Da kann es wohl nicht verwundern, wenn eine Geschäftsführung, die angehalten ist, Höchstprofite für die Konzernbilanz zu erwirtschaften, auf Mittel und Wege sinnt, um ihre Kosten für die Ware Arbeitskraft zu drücken.
Die MDG-Geschäftsführung hat denn auch nach ihrem gerichtlichen Desaster den Versuch nicht aufgegeben, die tarif- und nach § 613 a BGB geschützte Buchhalterin loszuwerden: Kurz bevor diese Anfang Mai ihre Stelle in der MDG wieder antreten wollte, wurde Beate S. an einem späten Freitagnachmittag zu Hause von einem Anruf aus der MDG-Geschäftsführung überrascht, die mit ihr – unter rechtswidriger Umgehung ihres Anwalts – über einen Aufhebungsvertrag und über eine Abfindung reden wollte. Für eine Vertragsauflösung zum Ende dieses Jahres bot die MDG 100.000 Euro brutto an.
Doch Beate S. hat sich nicht locken lassen. Sowohl die Agentur für Arbeit als auch ihr Anwalt Walter Lübking rieten ihr von dem Deal ab: »Meine Mandantin hätte eine Sperre beim Arbeitslosengeld bekommen, hätte Steuern und Krankengeld nachzahlen müssen und wäre das Risiko eingegangen, sich mit 57 Jahren einen neuen Arbeitsplatz suchen [zu] müssen; ihre Chancen auf dem Arbeitsmarkt auf einen neuen unbefristeten und tarifgeschützten Arbeitsplatz sei[en] auch nach Auffassung der Bundesanstalt für Arbeit gleich Null«, erläutert Lübking.

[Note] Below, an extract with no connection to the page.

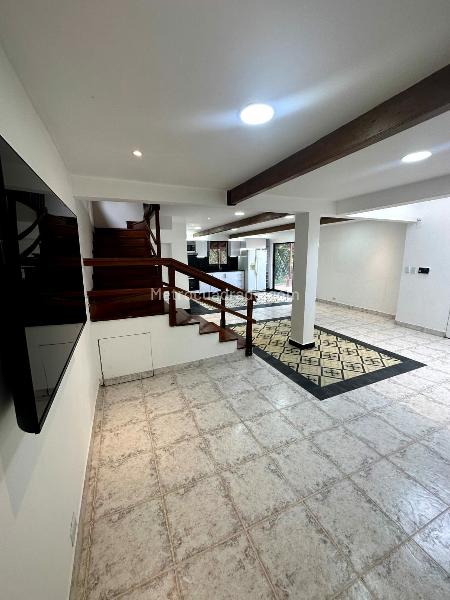 3BR House in Santa Elena (250 m²) - 3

Er hat mit diesem eigentlich abgeschlossenen Fall weiter viel zu tun: Um einen Auflösungsvertrag zu verhandeln, hat die MDG-Geschäftsführung zweimal hintereinander verfügt, dass Beate S. ihre Arbeit nicht wieder aufnehmen durfte, sondern davon »freigestellt« wurde.
Ein »rechtwidriges Verhalten«, wie Lübking der MDG unter Verweis auf die einschlägige BAG-Rechtsprechung vorhielt. Es sei »heute unstreitige Rechtsauffassung, dass der Arbeitgeber im Rahmen des bestehenden Arbeitsvertrages verpflichtet ist, den Arbeitnehmer vertragsgemäß zu beschäftigen«, schrieb er dem Madsack-Anwalt.

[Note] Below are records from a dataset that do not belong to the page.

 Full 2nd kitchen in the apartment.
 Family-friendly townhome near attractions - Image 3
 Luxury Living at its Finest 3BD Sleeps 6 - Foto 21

Vermutlich geht der Fall demnächst erneut vor Gericht, denn die MDG hat die Freistellungen von Beate S. auch unter rechtswidriger Anrechnung von Urlaubstagen verfügt. Wegen dieser Verletzung von Persönlichkeitsrechten seiner Mandantin und der Verletzung der Beschäftigungs- und Fürsorgepflicht durch den Arbeitgeber hat Lübking gegenüber der MDG inzwischen Schadenersatz- und Schmerzensgeldansprüche für Beate S. geltend gemacht.
Skandal im Skandal: Der amtierende Betriebsrat der MDG hat sich anlässlich des Kündigungsbegehrens der MDG nicht vor Beate S. gestellt, sondern dem Begehren zugestimmt, und er hat weder damals noch seit der Rechtskraft des BAG-Beschlusses im März 2019, noch seit ihrer Rückkehr in den Betrieb das Gespräch mit ihr gesucht beziehungsweise sie als erstes Ersatzmitglied des Betriebsrates wieder zu einer Sitzung des BR eingeladen.